The experts at Cook’s Illustrated tested out eight white onions that they cut in two different ways: pole to pole (with the grain) and parallel to the equator (against the grain). According to their results, the onions that were sliced pole to pole were noticeably less flavorful in both taste and odor compared to those cut along the equator. If that seems like far too simple a reason for such a big change in taste, you can try testing it out yourself the next time you’re whipping up a meal that requires onions. For those who are skeptical, however, we can assure you that there is science to support the claim.

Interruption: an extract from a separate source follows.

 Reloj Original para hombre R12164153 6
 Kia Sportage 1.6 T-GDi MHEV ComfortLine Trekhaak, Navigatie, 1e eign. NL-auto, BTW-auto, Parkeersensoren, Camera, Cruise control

Onions produce a substance called thiosulfinates, which is where the strong flavor comes from. The potent flavor and odor occurs when that substance reacts with the veggie’s proteins. This happens when the cells are damaged — like when a knife slices through them. When you cut pole to pole, you’re cutting with the grain and therefore causing less damage to the cells. Cutting along the equator and against the grain causes the opposite and more pungent effect to occur.

This can also explain why you might find yourself crying more than other times while preparing a meal with onions. With this info in mind, you can not only customize the overall taste of your meals, but also potentially cut back on the amount of tears you shed.